Encrypt Files with OpenSSL
a basic demonstration of symmetric encryption
OpenSSL is a software toolkit for general purpose cryptography and secure communication. On GNU/Linux systems, we can leverage the features of OpenSSL using the openssl
command line tool.
Let's get started!
Setup
Most probably, the openssl tool would already be installed on your system. You can verify this by running the following command in your shell,
openssl version
If openssl
is installed, then the output will look something like this,
OpenSSL 1.1.1n 15 Mar 2022
If you get an error saying command not found
, then you need to install the openssl package. On debian based systems, you can install it with the following command,
sudo apt install openssl
For the demonstration purpose, let's create a dummy file called secret.txt
. We will encrypt this secret.txt
file using openssl.
echo "Hello World" > secret.txt
Encryption
We will be using the AES 256 encryption algorithm to encrypt the file. AES is a symmetric-key encryption algorithm, which means that the same key is used to encrypt as well as decrypt the data. The length of the key can be 128, 192 or 256 bits. We would be using a 256 bit key, hence the algorithm is called AES-256
.
However we won't be creating any key explicitly, rather, we would provide a passphrase, and openssl will automatically derive the key from the passphrase.
To encrypt the secret.txt
file into secret.enc.txt
, run the following command:
openssl aes-256-cbc -e -salt -iter 10000 -pbkdf2 -a -in secret.txt -out secret.enc.txt
Let's have a look on the options we have used,
Option | Description |
---|---|
aes-256-cbc |
the AES-256 algorithm |
-e |
this means we want to do encryption |
-salt |
read more about salt (cryptography) |
-iter 10000 |
we want 10,000 iterations to produce the key |
-pbkdf2 |
passphrase based key derivation function 2 |
-a |
base64 encode/decode |
-md val |
Message digest algorithm |
-in val |
our input file |
-out val |
our output file |
This will ask for a passphrase. Make sure you remember this passphrase.

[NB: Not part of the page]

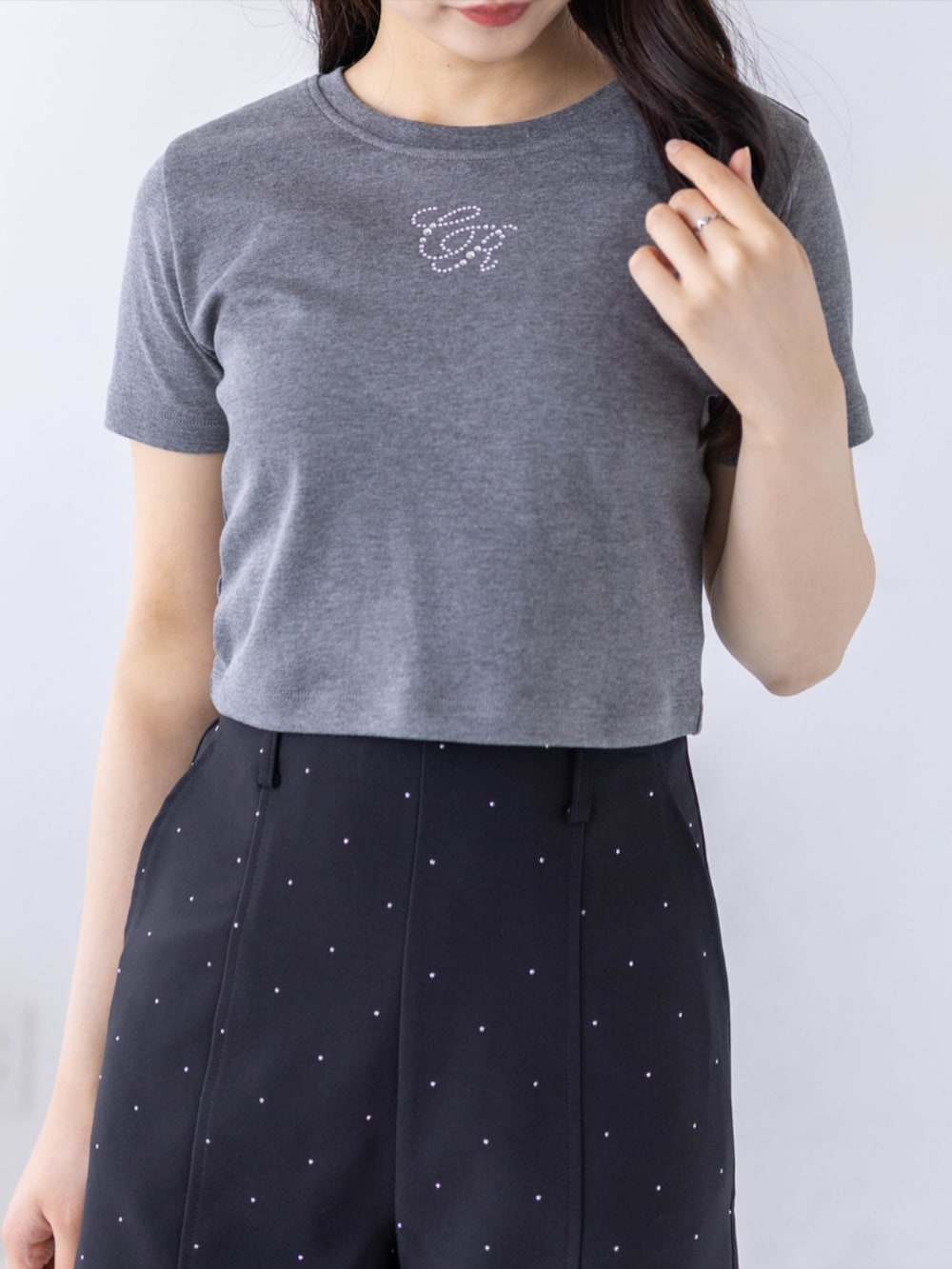 ブラック系のブーツ、ブラック系のその他パンツ、グレー系のTシャツ/カットソーを着用したレディースの春コーディネートの5枚目の写真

Now, you will have a secret.enc.txt
encrypted file along side your plain text secret.txt
file.
We will remove the secret.txt
file, which contains our secret message. We used the shred
command to overwrite the file and then delete it.
shred -fun5 secret.txt
Decryption
The command for decrypting a file is almost same, except here we use the -d
flag (d for decryption), instead of -e
(e for encryption), and the input-output files change accordingly.
openssl aes-256-cbc -d -salt -iter 10000 -pbkdf2 -a -in secret.enc.txt -out secret.txt
This will ask for the passphrase. After entering the correct passphrase, a plain text file, secret.txt
would be created.
Note
This method is used to encrypt one file at a time. If you want to encrypt multiple files in one go, then make a tarball of all the files, and then encrypt the tarball with this method.